# Which Bag for Nikon D3100



## MickP (Jul 18, 2011)

Hi all,

Just bought a Nikon D3100 with the standard 18-55mm lens, I'm totally new to DSLR photography so please bear with me.

Just wondering if anyone could recommend any suitable bags for this camera that would hold all the usual bits that one might need to carry around with you, I will be looking to buy a further lens (perhaps something like a 55-200mm) in the near future.


Many Thanks.


----------



## Malone (Jul 18, 2011)

Lots of camera bags here!

I personally would go for a simple, low key bag.  You don't want to be walking around with a bag that is branded and screams "I've got expensive equipment in here!"
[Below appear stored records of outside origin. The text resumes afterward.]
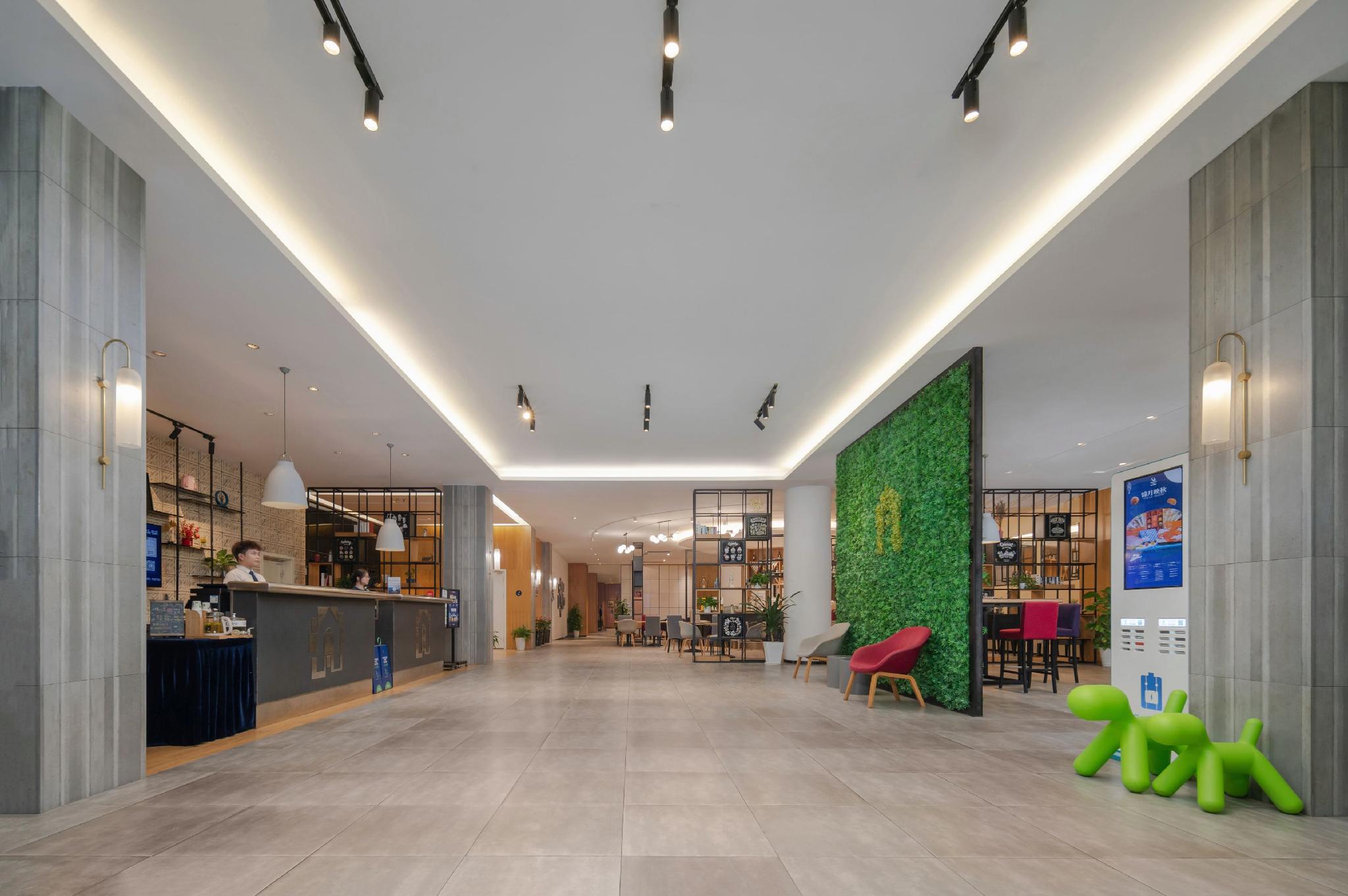 Campanile Hotel (Changsha Hongxing Desiqin Plaza) 5/41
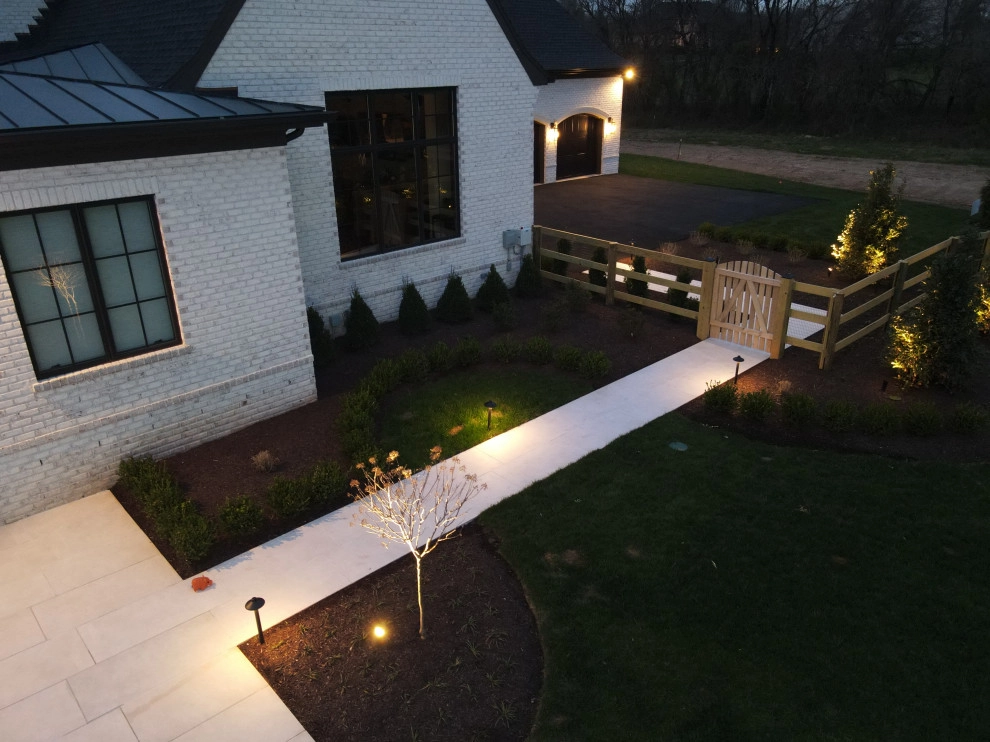 Leesburg Luxury by Holloway Company Inc. - Photo 8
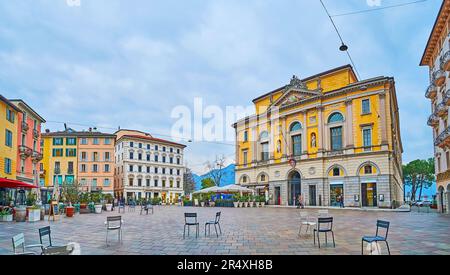 Panoramablick auf die historische Piazza della Riforma mit alten Stadthäusern, Cafés im Freien und Palazzo Civico (Rathaus), Lugano, Schweiz Stockfoto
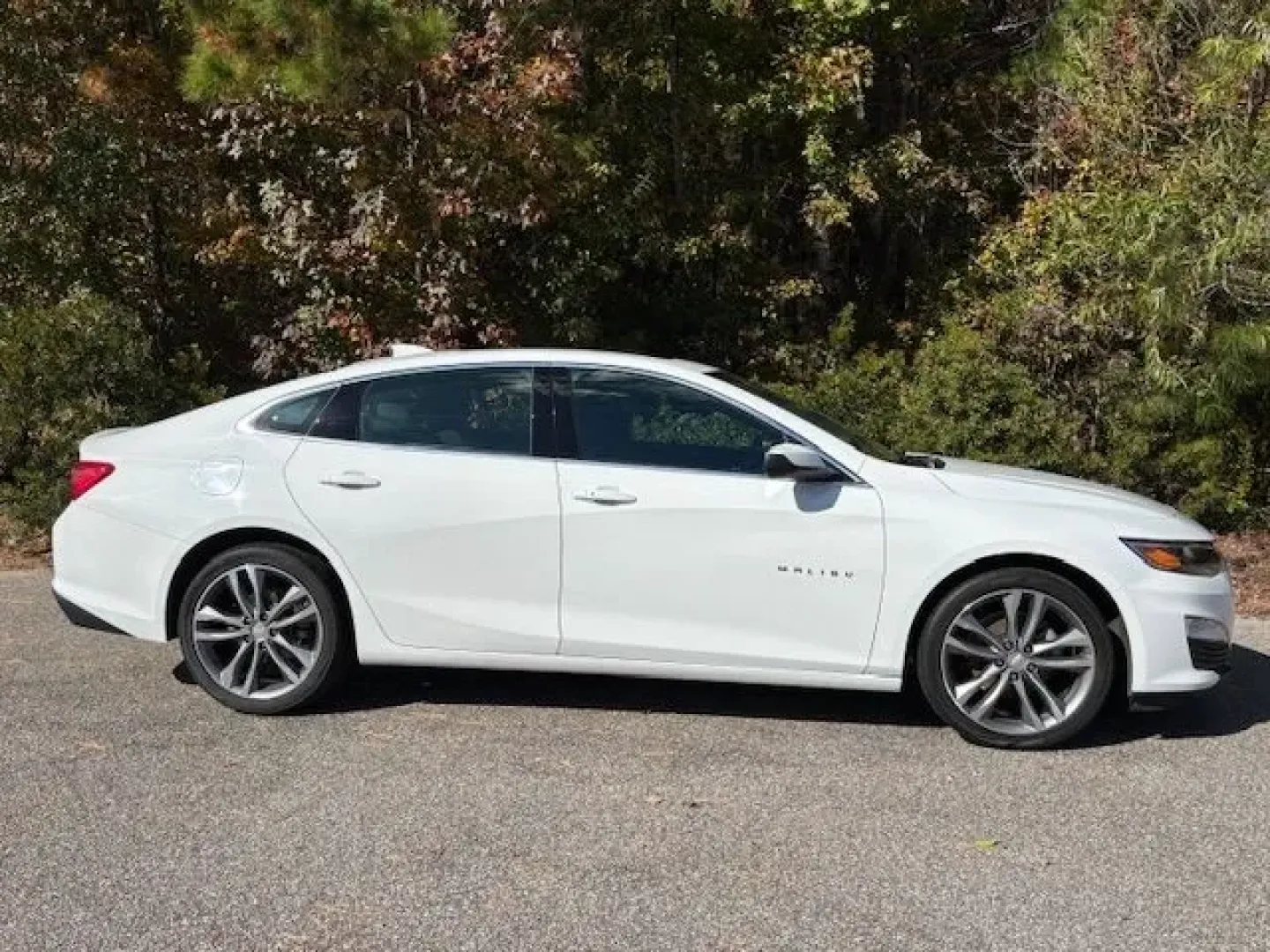 2023 /Jet Black Chevrolet Malibu FWD 1LT (1G1ZD5ST2PF) with an ECOTEC 1.5L I-4 gasoline direct injection engine, located at 2761 East Hwy 501, Conway, SC, 29526, (843) 331-1151, 33.781528, -78.989883 - Are you looking for a vehicle that seamlessly blends style, comfort, and practicality? Look no further than this stunning 2023 Chevrolet Malibu, available now at Car City - Conway, your trusted pre-owned dealership located at 2761 East Hwy 501, Conway, SC 29526. Perfect for daily commutes, weekend g - Photo#3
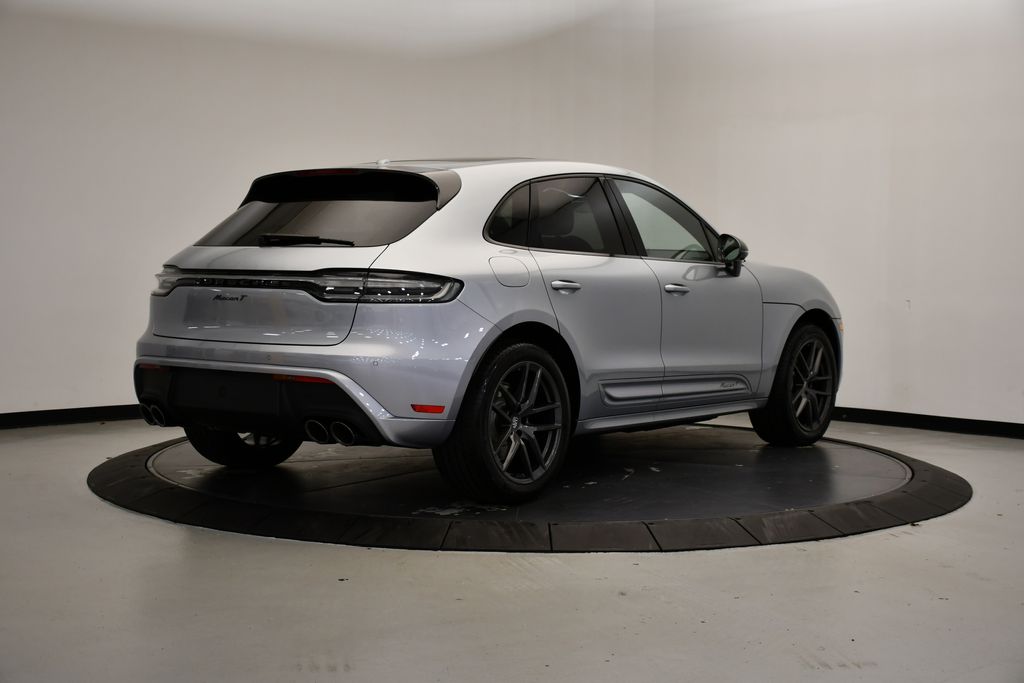 Thumbnail: 2026 Porsche Macan - 7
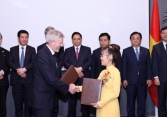 Tập đoàn của tỷ phú Nguyễn Thị Phương Thảo ký nhiều hợp tác với doanh nghiệp Anh 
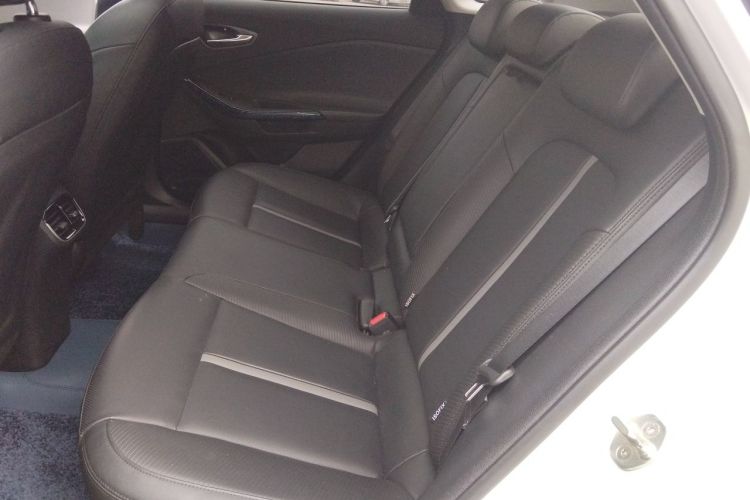 Used Hyundai Lafesta 2019 280TGDi Smart Speed Version China VI Standard Left Rear Seat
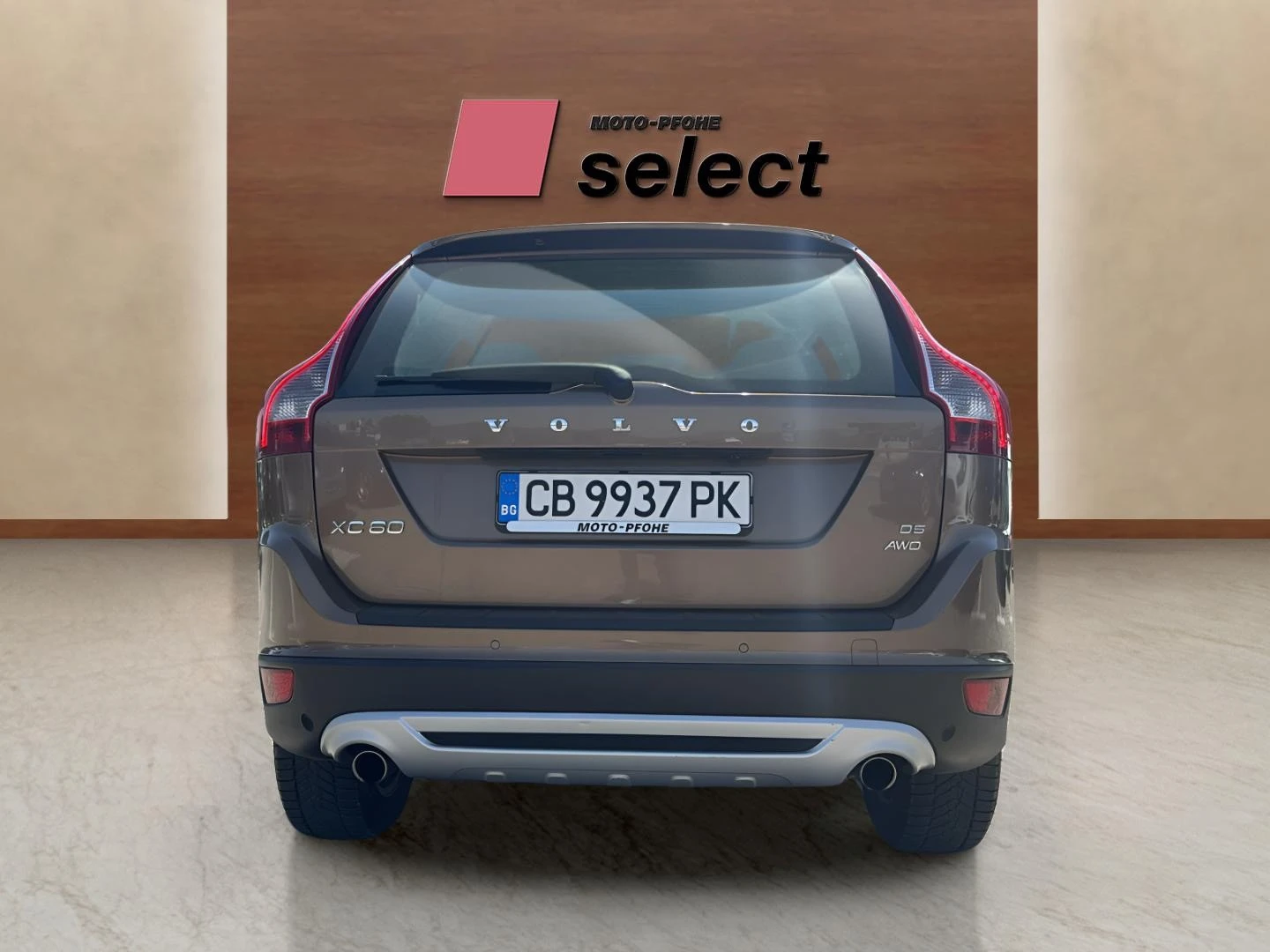 Volvo XC60 2.4 D5 - изображение 8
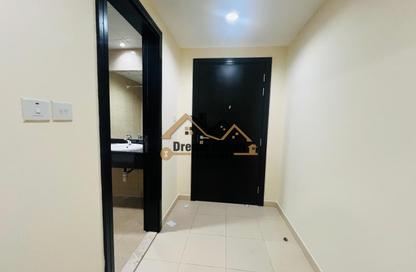 Apartment - Studio - 1 for rent in Silicon Gates 4 - Silicon Gates - Dubai Silicon Oasis - Dubai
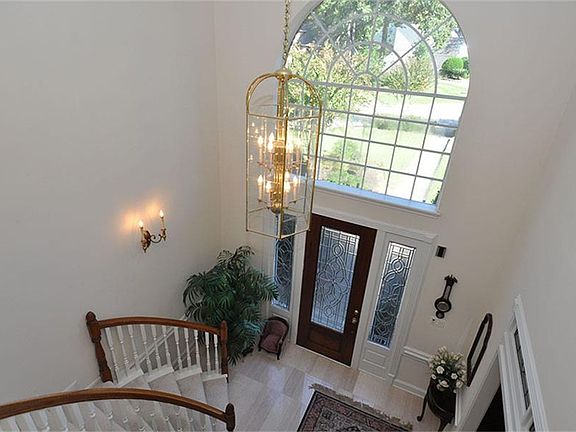 3rd image of 5902 Elmwood Hill Ln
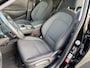 Hyundai Kona Electric EV Comfort 39 kWh 136pk | SoH 97,9% | Camera | Carplay | Climate controle | Bestuurdersstoel in hoogte verstelbaar | Stoelverwarming | Stuurverwarming | Parkeersensoren | 17'' velgen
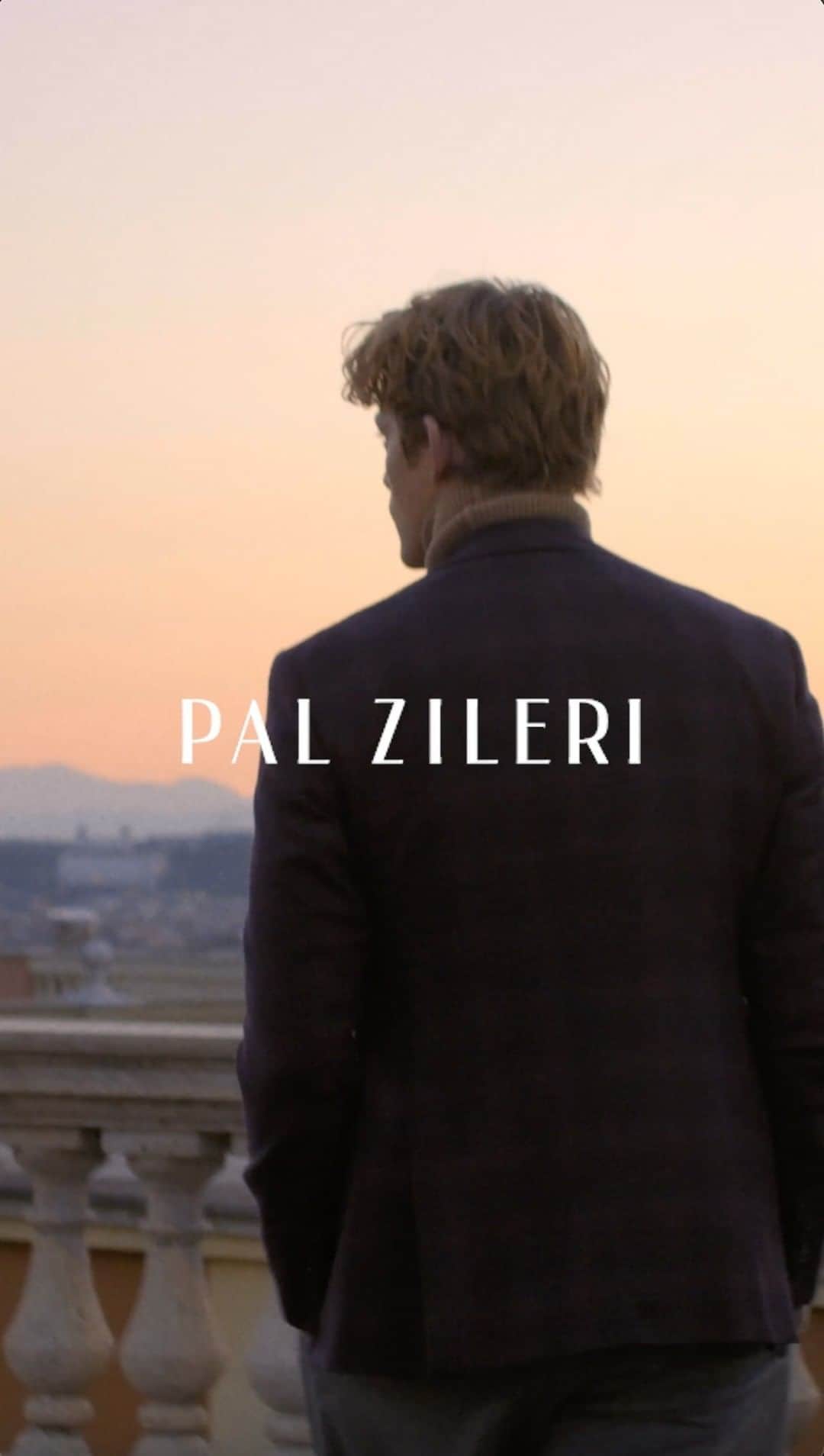 パルジレリのインスタグラム：「Pal Zileri combines an effortless attitude of the contemporary man with the elegance of an Italian lifestyle to create sophisticated style.  Discover the FW22 Collection on palzileri.com   #PalZileri #PalZileriFW22 #EffortlessAttitude」
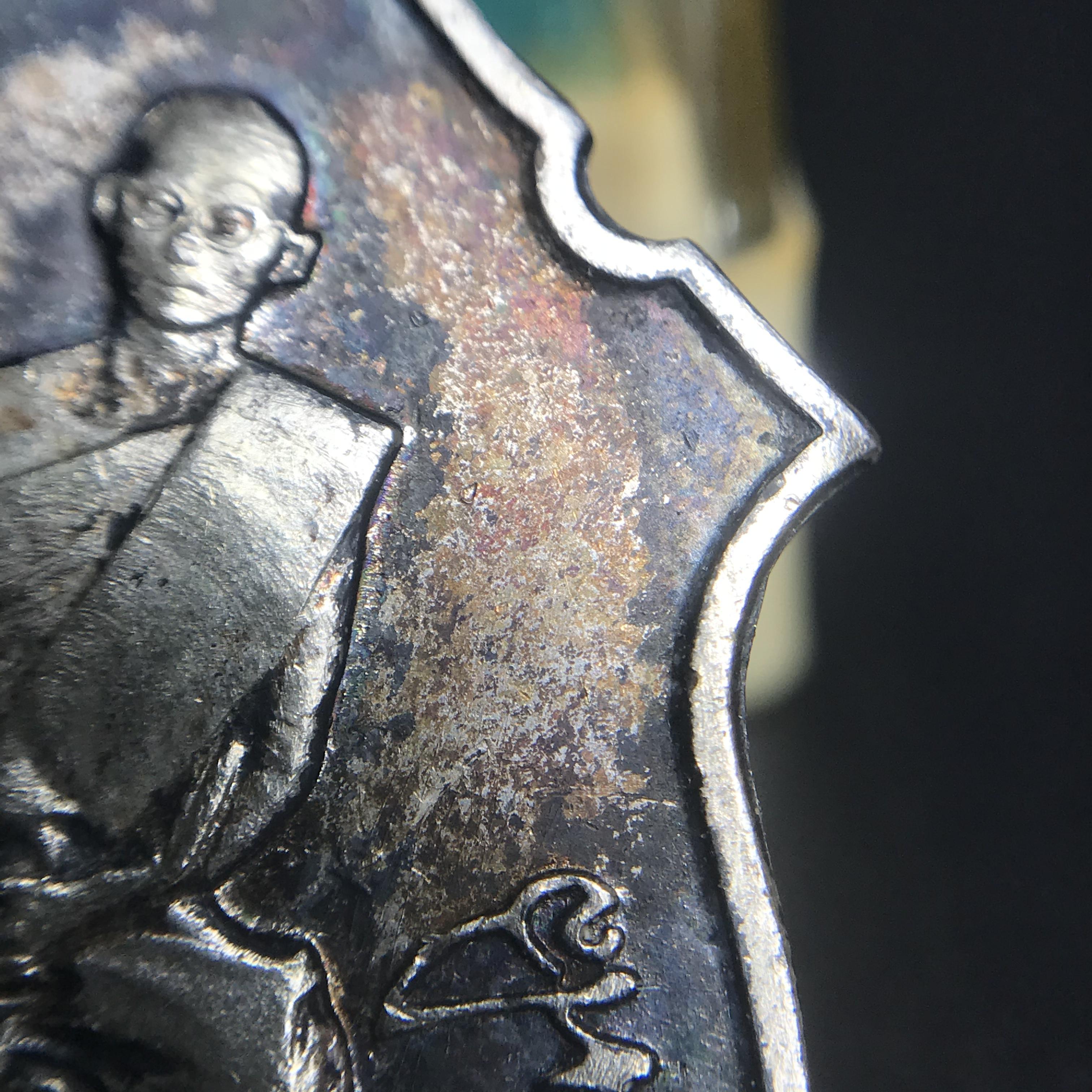 เหรียญในหลวงทรงผนวช กองทัพภาคที่3 ปี2517 เนื้อเงิน(ในหลวงรัชกาลที่9เสด็จในพิธี)(คัดสภาพสวย ผิวเดิม เส้นวงเดือนวิ่งคมชัด สวยมาก)(1ใน2000เหรียญ)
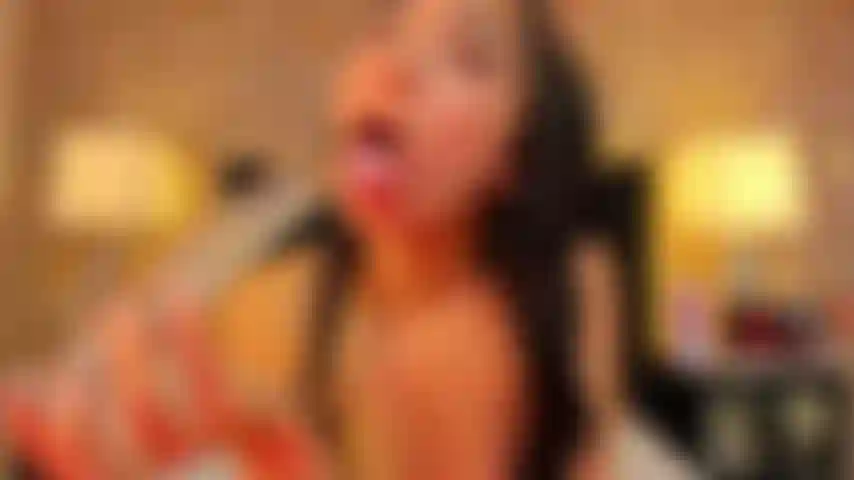 Meine muschi ist so heiß und nass.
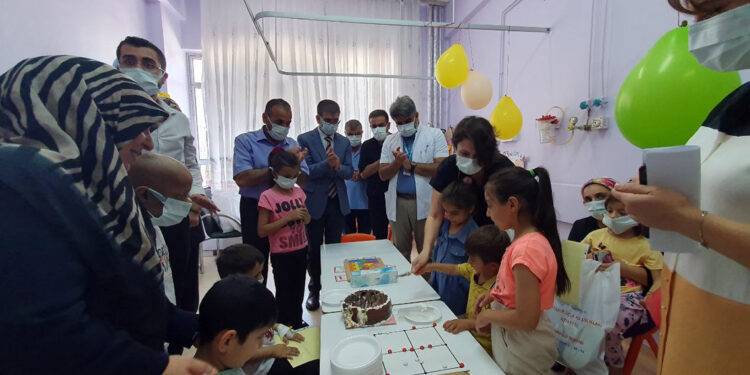 Diyarbakır'da hastanede tedavi gören çocuklar karne aldı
Just read the reviews, make sure it will be large enough to carry what you need, but not too large (heavy and uncomfortable)!  And get one with good padding to protect your gear.


----------



## MickP (Jul 21, 2011)

That's good advice, thanks for the link, I will take a look.


----------



## Johnsings (Jul 23, 2011)

Hi, after a lot of searching and trying I settled on this one from Tamrac. It has room for nearly everything without being too bulky. And it doesn't scream out "camera equipment inside" either. It's also (IMHO) a nice colour.

Amazon.com: Tamrac 3537 Express 7 Camera Bag (Khaki): Camera & Photo 

 Good luck in your search!


----------